Calvados : des minicars à la demande
"Les Bus Verts" du conseil général du Calvados lancent un nouveau service de minicars à la demande sur 14 lignes périurbaines autour de Caen. Ces services sont en fait un complément en heure creuse des lignes régulières qui fonctionnent en heure pleine. Le parcours est le même et les horaires de passage sont définis à l'avance. Seules différences, le client doit réserver son déplacement la veille par téléphone et le service est effectué par un véhicule spécial de petite capacité (Master 15 places). Le service n'est assuré que s'il y a eu au moins une réservation. D'un point de vue logistique, le client appelle un numéro vert pour effectuer sa réservation, l'opérateur l'enregistre, centralise toutes les demandes et les transmet chaque soir au chef de poste. Les feuilles de route sont transmises directement chez les conducteurs par télécopie. La tarification de ce service à la demande est la même que sur le réseau Bus Verts, à l'exception des titres scolaires.

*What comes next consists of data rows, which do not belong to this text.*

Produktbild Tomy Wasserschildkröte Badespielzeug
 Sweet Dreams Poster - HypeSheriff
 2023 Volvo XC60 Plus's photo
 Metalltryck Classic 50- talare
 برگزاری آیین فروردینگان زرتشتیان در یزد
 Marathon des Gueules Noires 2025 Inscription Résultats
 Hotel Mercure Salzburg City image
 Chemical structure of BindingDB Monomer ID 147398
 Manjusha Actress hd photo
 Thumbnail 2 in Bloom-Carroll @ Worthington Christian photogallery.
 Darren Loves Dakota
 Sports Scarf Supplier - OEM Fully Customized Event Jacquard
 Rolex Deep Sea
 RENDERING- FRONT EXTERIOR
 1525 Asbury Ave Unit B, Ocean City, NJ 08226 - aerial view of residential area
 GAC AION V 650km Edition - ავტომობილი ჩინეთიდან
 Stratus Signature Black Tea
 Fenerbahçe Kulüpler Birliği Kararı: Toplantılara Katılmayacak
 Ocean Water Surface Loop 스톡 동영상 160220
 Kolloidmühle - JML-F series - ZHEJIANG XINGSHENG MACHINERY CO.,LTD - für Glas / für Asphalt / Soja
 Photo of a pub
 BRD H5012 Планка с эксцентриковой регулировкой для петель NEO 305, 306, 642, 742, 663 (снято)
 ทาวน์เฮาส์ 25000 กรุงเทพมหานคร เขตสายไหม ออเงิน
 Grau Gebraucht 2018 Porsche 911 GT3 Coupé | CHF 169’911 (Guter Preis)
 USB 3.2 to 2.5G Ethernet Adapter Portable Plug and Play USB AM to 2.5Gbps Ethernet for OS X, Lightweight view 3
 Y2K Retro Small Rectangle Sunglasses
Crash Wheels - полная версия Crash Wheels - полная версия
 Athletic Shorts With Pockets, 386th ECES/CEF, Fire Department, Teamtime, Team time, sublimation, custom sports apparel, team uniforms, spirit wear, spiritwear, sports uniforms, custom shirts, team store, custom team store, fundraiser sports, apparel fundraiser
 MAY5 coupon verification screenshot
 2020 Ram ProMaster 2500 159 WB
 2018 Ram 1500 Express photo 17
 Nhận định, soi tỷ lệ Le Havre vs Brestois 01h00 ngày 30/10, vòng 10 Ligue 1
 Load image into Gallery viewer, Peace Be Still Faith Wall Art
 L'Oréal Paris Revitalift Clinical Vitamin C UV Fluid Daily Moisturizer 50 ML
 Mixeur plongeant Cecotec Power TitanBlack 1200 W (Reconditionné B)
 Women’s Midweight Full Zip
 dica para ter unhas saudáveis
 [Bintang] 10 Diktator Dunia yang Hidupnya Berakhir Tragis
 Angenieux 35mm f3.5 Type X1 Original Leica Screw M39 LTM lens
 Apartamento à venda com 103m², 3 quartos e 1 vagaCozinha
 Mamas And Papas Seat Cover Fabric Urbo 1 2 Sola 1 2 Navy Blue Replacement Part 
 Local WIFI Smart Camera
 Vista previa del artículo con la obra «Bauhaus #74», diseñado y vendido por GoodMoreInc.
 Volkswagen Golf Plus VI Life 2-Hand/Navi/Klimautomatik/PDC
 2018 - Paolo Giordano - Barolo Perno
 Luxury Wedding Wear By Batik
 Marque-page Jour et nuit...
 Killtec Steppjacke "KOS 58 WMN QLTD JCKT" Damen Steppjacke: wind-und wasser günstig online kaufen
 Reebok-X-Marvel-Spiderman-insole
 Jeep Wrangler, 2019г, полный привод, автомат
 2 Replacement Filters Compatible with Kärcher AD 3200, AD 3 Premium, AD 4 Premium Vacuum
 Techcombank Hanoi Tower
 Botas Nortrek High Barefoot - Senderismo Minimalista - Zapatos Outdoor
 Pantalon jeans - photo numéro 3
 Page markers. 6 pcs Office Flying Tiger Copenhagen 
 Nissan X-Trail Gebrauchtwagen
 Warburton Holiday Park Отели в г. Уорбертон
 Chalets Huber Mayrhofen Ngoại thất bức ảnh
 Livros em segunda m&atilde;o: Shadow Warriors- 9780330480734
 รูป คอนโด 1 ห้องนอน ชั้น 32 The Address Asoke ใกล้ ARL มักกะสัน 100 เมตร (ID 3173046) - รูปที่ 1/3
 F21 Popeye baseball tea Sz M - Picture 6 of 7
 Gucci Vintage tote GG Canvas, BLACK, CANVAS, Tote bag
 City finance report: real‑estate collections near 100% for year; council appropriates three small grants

À raison d'un ou deux allers-retours par jour en semaine, ce service dessert 42 communes et environ 60 000 personnes.
Design : les transports publics étoilés
Les étoiles du design 2000, qui distinguent les meilleures créations industrielles de l'année, ont récompensées deux produits créés pour les transports publics. Le tramway de Bordeaux créé par Absolut Design a été étoilé dans la catégorie "ville". Sa façade "souriante" grâce à son large espace vitré a été particulièrement remarquée. Autre primé, un télévalideur sans contact Alcatel CGA. C'est la fonctionnalité et la facilité d'utilisation qui ont été privilégiées dans la création de ce produit.